== Segment start ==

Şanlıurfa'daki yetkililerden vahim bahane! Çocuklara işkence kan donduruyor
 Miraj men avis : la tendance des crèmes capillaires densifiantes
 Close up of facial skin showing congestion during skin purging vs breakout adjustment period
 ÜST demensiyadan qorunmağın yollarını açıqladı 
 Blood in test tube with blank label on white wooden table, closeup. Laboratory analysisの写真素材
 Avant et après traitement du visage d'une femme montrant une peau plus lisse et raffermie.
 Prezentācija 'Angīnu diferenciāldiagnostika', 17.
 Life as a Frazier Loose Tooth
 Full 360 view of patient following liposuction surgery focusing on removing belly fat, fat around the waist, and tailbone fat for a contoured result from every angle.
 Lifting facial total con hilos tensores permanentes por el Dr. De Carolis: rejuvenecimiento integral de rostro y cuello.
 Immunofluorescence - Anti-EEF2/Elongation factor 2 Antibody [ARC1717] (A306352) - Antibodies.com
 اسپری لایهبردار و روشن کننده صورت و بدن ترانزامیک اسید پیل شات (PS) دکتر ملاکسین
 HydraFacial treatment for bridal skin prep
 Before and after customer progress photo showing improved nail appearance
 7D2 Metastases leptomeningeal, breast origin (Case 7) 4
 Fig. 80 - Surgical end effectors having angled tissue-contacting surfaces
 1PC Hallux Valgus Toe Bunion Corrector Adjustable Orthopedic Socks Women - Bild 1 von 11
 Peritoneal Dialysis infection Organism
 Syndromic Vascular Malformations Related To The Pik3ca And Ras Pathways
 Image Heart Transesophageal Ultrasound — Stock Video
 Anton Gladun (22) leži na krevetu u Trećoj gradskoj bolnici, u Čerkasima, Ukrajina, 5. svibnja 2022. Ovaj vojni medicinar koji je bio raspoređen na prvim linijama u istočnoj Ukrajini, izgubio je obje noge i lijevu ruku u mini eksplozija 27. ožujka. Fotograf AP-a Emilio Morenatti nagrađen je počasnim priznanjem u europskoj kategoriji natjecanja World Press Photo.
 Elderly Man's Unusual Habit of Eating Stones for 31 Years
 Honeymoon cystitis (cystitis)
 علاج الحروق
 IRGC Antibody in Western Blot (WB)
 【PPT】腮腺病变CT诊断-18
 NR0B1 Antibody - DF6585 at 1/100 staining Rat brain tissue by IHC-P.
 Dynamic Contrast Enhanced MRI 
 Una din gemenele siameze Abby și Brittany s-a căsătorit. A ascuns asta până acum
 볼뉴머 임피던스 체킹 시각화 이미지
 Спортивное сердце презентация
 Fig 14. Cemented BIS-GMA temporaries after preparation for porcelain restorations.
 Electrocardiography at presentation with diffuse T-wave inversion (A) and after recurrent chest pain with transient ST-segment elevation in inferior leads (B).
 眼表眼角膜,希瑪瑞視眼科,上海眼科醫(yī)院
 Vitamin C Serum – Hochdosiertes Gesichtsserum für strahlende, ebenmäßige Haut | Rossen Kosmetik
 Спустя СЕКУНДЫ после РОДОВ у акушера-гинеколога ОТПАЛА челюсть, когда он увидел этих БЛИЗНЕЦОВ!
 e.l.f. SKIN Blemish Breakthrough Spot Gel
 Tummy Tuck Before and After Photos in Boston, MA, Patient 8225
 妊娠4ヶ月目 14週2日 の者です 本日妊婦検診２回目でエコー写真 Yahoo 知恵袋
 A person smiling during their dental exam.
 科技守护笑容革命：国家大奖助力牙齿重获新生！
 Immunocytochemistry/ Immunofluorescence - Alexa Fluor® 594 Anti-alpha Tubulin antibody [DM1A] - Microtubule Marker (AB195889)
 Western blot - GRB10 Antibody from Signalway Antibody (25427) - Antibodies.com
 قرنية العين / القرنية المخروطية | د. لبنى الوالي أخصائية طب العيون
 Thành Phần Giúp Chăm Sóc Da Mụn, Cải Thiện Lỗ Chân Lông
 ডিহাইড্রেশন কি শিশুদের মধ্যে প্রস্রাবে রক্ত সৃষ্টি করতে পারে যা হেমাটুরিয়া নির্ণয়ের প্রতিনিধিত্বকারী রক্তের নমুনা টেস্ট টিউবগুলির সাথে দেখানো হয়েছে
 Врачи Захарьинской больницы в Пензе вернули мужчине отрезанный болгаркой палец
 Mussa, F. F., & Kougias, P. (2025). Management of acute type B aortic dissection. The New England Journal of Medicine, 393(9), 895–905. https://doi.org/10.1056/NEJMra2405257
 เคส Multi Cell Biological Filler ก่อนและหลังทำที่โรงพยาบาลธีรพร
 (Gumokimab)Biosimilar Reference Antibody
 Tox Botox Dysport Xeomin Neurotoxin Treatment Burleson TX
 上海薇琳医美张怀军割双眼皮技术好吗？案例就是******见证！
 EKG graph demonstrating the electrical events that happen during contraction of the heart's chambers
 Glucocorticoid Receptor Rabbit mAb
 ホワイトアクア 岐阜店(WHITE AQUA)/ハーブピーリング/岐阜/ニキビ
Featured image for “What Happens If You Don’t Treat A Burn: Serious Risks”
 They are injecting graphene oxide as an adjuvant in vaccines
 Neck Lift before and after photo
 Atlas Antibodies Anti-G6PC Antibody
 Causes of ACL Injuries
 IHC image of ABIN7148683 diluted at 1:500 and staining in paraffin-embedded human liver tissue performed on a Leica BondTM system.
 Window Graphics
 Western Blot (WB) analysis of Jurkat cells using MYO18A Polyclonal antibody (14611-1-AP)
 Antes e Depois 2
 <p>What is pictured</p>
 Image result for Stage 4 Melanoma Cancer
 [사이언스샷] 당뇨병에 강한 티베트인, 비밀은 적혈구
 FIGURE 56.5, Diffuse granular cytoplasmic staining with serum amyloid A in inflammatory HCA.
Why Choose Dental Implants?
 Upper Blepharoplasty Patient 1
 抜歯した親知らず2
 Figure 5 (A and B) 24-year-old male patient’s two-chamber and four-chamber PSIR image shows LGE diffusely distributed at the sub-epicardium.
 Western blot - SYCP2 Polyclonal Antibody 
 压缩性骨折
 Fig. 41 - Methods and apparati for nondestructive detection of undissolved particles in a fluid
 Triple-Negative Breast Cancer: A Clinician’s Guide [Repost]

== Segment end ==

Please repeat the material exactly as it appears above.

Şanlıurfa'daki yetkililerden vahim bahane! Çocuklara işkence kan donduruyor
 Miraj men avis : la tendance des crèmes capillaires densifiantes
 Close up of facial skin showing congestion during skin purging vs breakout adjustment period
 ÜST demensiyadan qorunmağın yollarını açıqladı 
 Blood in test tube with blank label on white wooden table, closeup. Laboratory analysisの写真素材
 Avant et après traitement du visage d'une femme montrant une peau plus lisse et raffermie.
 Prezentācija 'Angīnu diferenciāldiagnostika', 17.
 Life as a Frazier Loose Tooth
 Full 360 view of patient following liposuction surgery focusing on removing belly fat, fat around the waist, and tailbone fat for a contoured result from every angle.
 Lifting facial total con hilos tensores permanentes por el Dr. De Carolis: rejuvenecimiento integral de rostro y cuello.
 Immunofluorescence - Anti-EEF2/Elongation factor 2 Antibody [ARC1717] (A306352) - Antibodies.com
 اسپری لایهبردار و روشن کننده صورت و بدن ترانزامیک اسید پیل شات (PS) دکتر ملاکسین
 HydraFacial treatment for bridal skin prep
 Before and after customer progress photo showing improved nail appearance
 7D2 Metastases leptomeningeal, breast origin (Case 7) 4
 Fig. 80 - Surgical end effectors having angled tissue-contacting surfaces
 1PC Hallux Valgus Toe Bunion Corrector Adjustable Orthopedic Socks Women - Bild 1 von 11
 Peritoneal Dialysis infection Organism
 Syndromic Vascular Malformations Related To The Pik3ca And Ras Pathways
 Image Heart Transesophageal Ultrasound — Stock Video
 Anton Gladun (22) leži na krevetu u Trećoj gradskoj bolnici, u Čerkasima, Ukrajina, 5. svibnja 2022. Ovaj vojni medicinar koji je bio raspoređen na prvim linijama u istočnoj Ukrajini, izgubio je obje noge i lijevu ruku u mini eksplozija 27. ožujka. Fotograf AP-a Emilio Morenatti nagrađen je počasnim priznanjem u europskoj kategoriji natjecanja World Press Photo.
 Elderly Man's Unusual Habit of Eating Stones for 31 Years
 Honeymoon cystitis (cystitis)
 علاج الحروق
 IRGC Antibody in Western Blot (WB)
 【PPT】腮腺病变CT诊断-18
 NR0B1 Antibody - DF6585 at 1/100 staining Rat brain tissue by IHC-P.
 Dynamic Contrast Enhanced MRI 
 Una din gemenele siameze Abby și Brittany s-a căsătorit. A ascuns asta până acum
 볼뉴머 임피던스 체킹 시각화 이미지
 Спортивное сердце презентация
 Fig 14. Cemented BIS-GMA temporaries after preparation for porcelain restorations.
 Electrocardiography at presentation with diffuse T-wave inversion (A) and after recurrent chest pain with transient ST-segment elevation in inferior leads (B).
 眼表眼角膜,希瑪瑞視眼科,上海眼科醫(yī)院
 Vitamin C Serum – Hochdosiertes Gesichtsserum für strahlende, ebenmäßige Haut | Rossen Kosmetik
 Спустя СЕКУНДЫ после РОДОВ у акушера-гинеколога ОТПАЛА челюсть, когда он увидел этих БЛИЗНЕЦОВ!
 e.l.f. SKIN Blemish Breakthrough Spot Gel
 Tummy Tuck Before and After Photos in Boston, MA, Patient 8225
 妊娠4ヶ月目 14週2日 の者です 本日妊婦検診２回目でエコー写真 Yahoo 知恵袋
 A person smiling during their dental exam.
 科技守护笑容革命：国家大奖助力牙齿重获新生！
 Immunocytochemistry/ Immunofluorescence - Alexa Fluor® 594 Anti-alpha Tubulin antibody [DM1A] - Microtubule Marker (AB195889)
 Western blot - GRB10 Antibody from Signalway Antibody (25427) - Antibodies.com
 قرنية العين / القرنية المخروطية | د. لبنى الوالي أخصائية طب العيون
 Thành Phần Giúp Chăm Sóc Da Mụn, Cải Thiện Lỗ Chân Lông
 ডিহাইড্রেশন কি শিশুদের মধ্যে প্রস্রাবে রক্ত সৃষ্টি করতে পারে যা হেমাটুরিয়া নির্ণয়ের প্রতিনিধিত্বকারী রক্তের নমুনা টেস্ট টিউবগুলির সাথে দেখানো হয়েছে
 Врачи Захарьинской больницы в Пензе вернули мужчине отрезанный болгаркой палец
 Mussa, F. F., & Kougias, P. (2025). Management of acute type B aortic dissection. The New England Journal of Medicine, 393(9), 895–905. https://doi.org/10.1056/NEJMra2405257
 เคส Multi Cell Biological Filler ก่อนและหลังทำที่โรงพยาบาลธีรพร
 (Gumokimab)Biosimilar Reference Antibody
 Tox Botox Dysport Xeomin Neurotoxin Treatment Burleson TX
 上海薇琳医美张怀军割双眼皮技术好吗？案例就是******见证！
 EKG graph demonstrating the electrical events that happen during contraction of the heart's chambers
 Glucocorticoid Receptor Rabbit mAb
 ホワイトアクア 岐阜店(WHITE AQUA)/ハーブピーリング/岐阜/ニキビ
Featured image for “What Happens If You Don’t Treat A Burn: Serious Risks”
 They are injecting graphene oxide as an adjuvant in vaccines
 Neck Lift before and after photo
 Atlas Antibodies Anti-G6PC Antibody
 Causes of ACL Injuries
 IHC image of ABIN7148683 diluted at 1:500 and staining in paraffin-embedded human liver tissue performed on a Leica BondTM system.
 Window Graphics
 Western Blot (WB) analysis of Jurkat cells using MYO18A Polyclonal antibody (14611-1-AP)
 Antes e Depois 2
 <p>What is pictured</p>
 Image result for Stage 4 Melanoma Cancer
 [사이언스샷] 당뇨병에 강한 티베트인, 비밀은 적혈구
 FIGURE 56.5, Diffuse granular cytoplasmic staining with serum amyloid A in inflammatory HCA.
Why Choose Dental Implants?
 Upper Blepharoplasty Patient 1
 抜歯した親知らず2
 Figure 5 (A and B) 24-year-old male patient’s two-chamber and four-chamber PSIR image shows LGE diffusely distributed at the sub-epicardium.
 Western blot - SYCP2 Polyclonal Antibody 
 压缩性骨折
 Fig. 41 - Methods and apparati for nondestructive detection of undissolved particles in a fluid
 Triple-Negative Breast Cancer: A Clinician’s Guide [Repost]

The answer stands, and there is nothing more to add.